I replied, "I don't know." And that's all I could say, because I don't think I can know.
I grew up Catholic. I went to Catholic school until I was 12, got Confirmed at 16 like everyone else did. Through my teens I was never what you'd call a particularly devout Catholic, especially when it came to issues like homosexuality and birth control. Once, during a discussion about gay marriage, a Sunday school instructor turned to me and said, "Lisa, what's your opinion on this?" Thanks. Put the heathen on the spot. Still, I tried to hang on for a long time. You can't change something by running away from it, I reasoned. I even said that to my sister when she started college and started referring to Catholicism as "all that dogma."
Then I went to college myself. I quit going to Mass. While I was doing research for a tutorial paper, I came across an article about "condom bonfires" held by bishops and priests in Africa. You know, where AIDS is dragging life expectancy lower and lower. I was so angry that I literally got hot. I sent a long email to my mother, telling her I wasn't sure I could be Catholic any more.

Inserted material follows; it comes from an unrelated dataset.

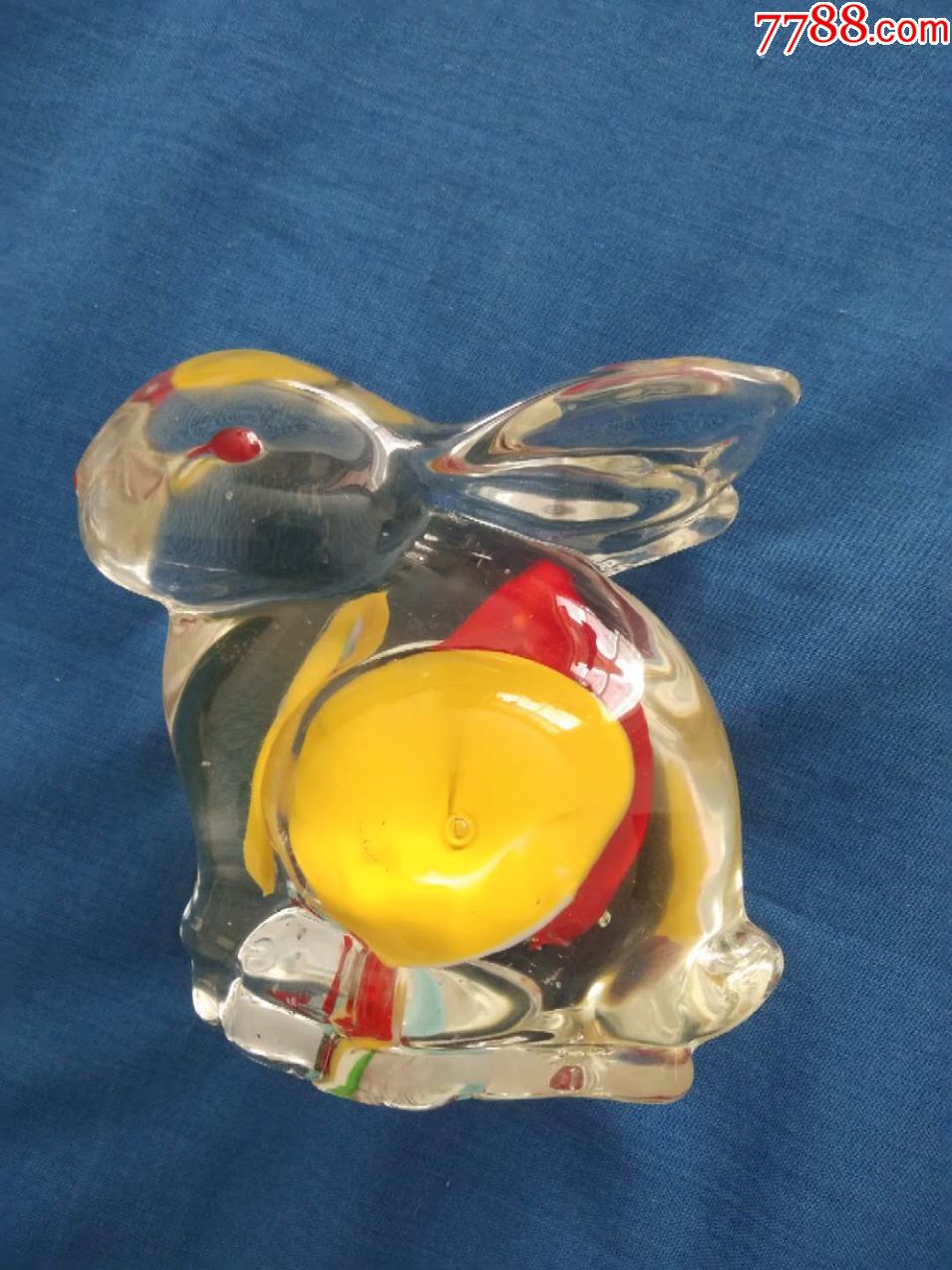 老玻璃兔子摆件一只玻璃兔子老玻璃器皿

Over the next few years, I began to identify more and more with agnosticism. I had long conversations with Jim about science and reality and religion, and partly through those I realized there's no way I can prove or disprove the existence of God. All I can truly know is here, now. I thought: I can spend my life hedging my bets and wondering, or I can do the best work - the least harm and most good I can - to other people. Frustrating and inexplicable as we may be, people fascinate me. I want to talk to people, to know about their lives, to listen to their problems and offer what help I can.
I didn't want to give up my religion. For some, faith offers a solace so deep that I envy it. But I came to realize that I believe and do things that the Catholic church doesn't tolerate. I'm not sorry for my opinions or my actions; this means I'm in a state of sin. Out of respect for the faith, I no longer take communion when I go to services with my family. I still go, because it means a lot to my mother. She still hopes I'll find my way back, but I think she understands.
So, my Christian questioners, I don't know what happens when I kick the bucket. I don't make decisions with my immortal soul in mind. And if you're right, there is a God, then I'm SOL. But I'll let you think about that.